## Provided material
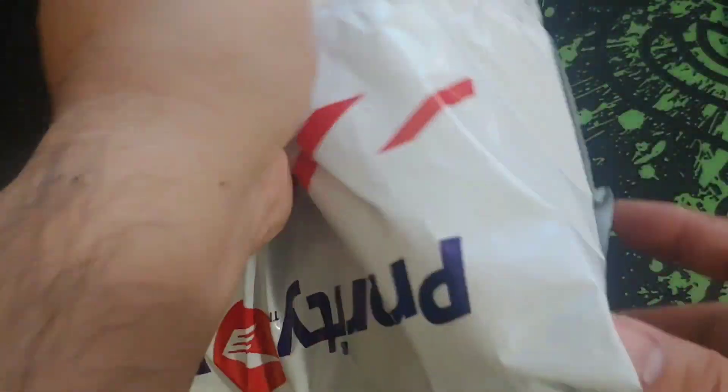Hey, what's up guys, it's your friend Asian Buddy Ryan, and today is a good day because I got another vape mail. So let's all take a look at what's inside this package.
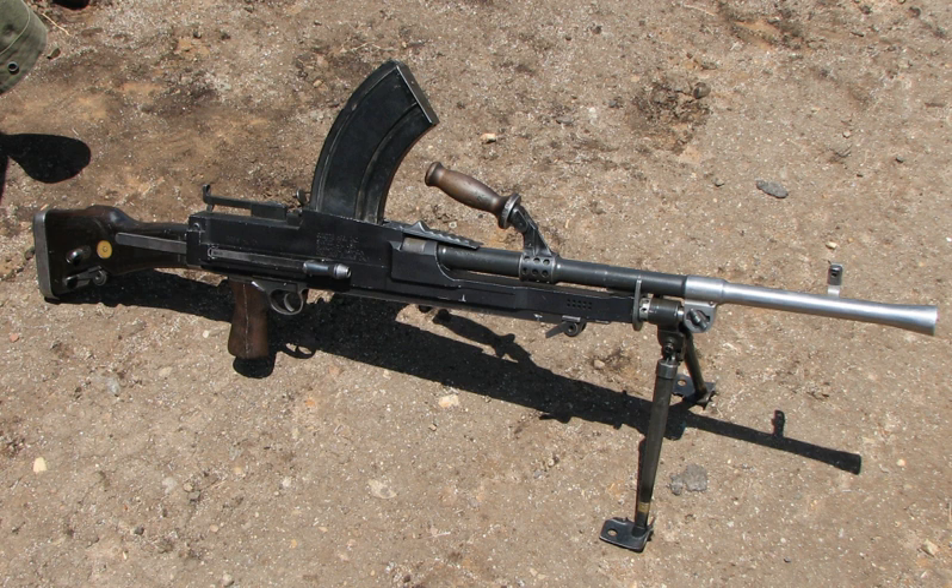The Bren gun, usually called simply the Bren, are a series of light machine guns made by Britain in the 1930s and used in various roles until 1992. While best known for its role as the British and Commonwealth Forces' primary infantry LMG in World War II, it was also used in the Korean War and saw service throughout the latter half of the 20th century, including the 1982 Falklands War.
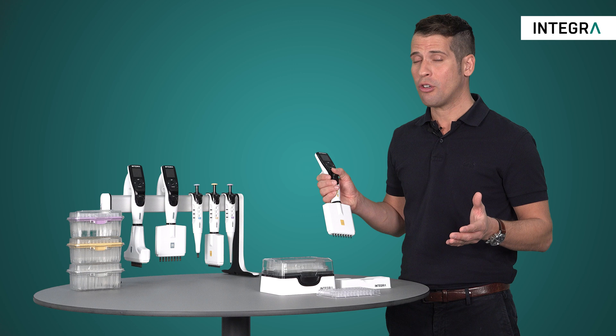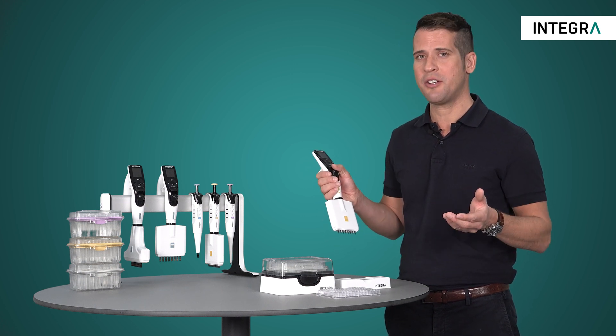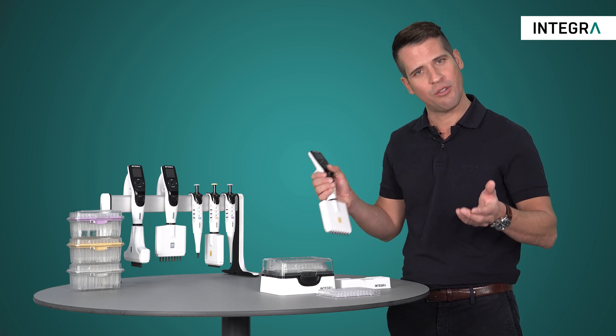If you're doing any mixing in your lab, pipette mix mode with the Integra electronic pipettes will make your work much easier and improve the consistency of your results.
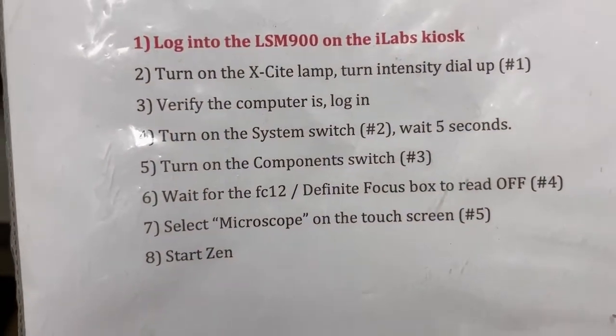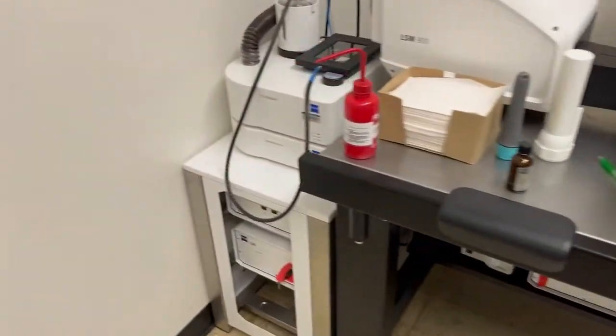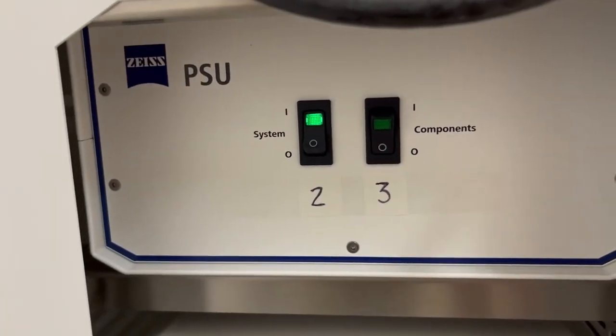The next step is to turn on the system switch, which is switch number two, and wait for five seconds. The system switch is over here — you can see it's switch number two. I'm going to turn that on and wait for five seconds.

## Try it
Omit the pictures, then copy out all the data exactly as it stands.

## Output
Hey, what's up guys, it's your friend Asian Buddy Ryan, and today is a good day because I got another vape mail. So let's all take a look at what's inside this package.
The Bren gun, usually called simply the Bren, are a series of light machine guns made by Britain in the 1930s and used in various roles until 1992. While best known for its role as the British and Commonwealth Forces' primary infantry LMG in World War II, it was also used in the Korean War and saw service throughout the latter half of the 20th century, including the 1982 Falklands War.
If you're doing any mixing in your lab, pipette mix mode with the Integra electronic pipettes will make your work much easier and improve the consistency of your results.
The next step is to turn on the system switch, which is switch number two, and wait for five seconds. The system switch is over here — you can see it's switch number two. I'm going to turn that on and wait for five seconds.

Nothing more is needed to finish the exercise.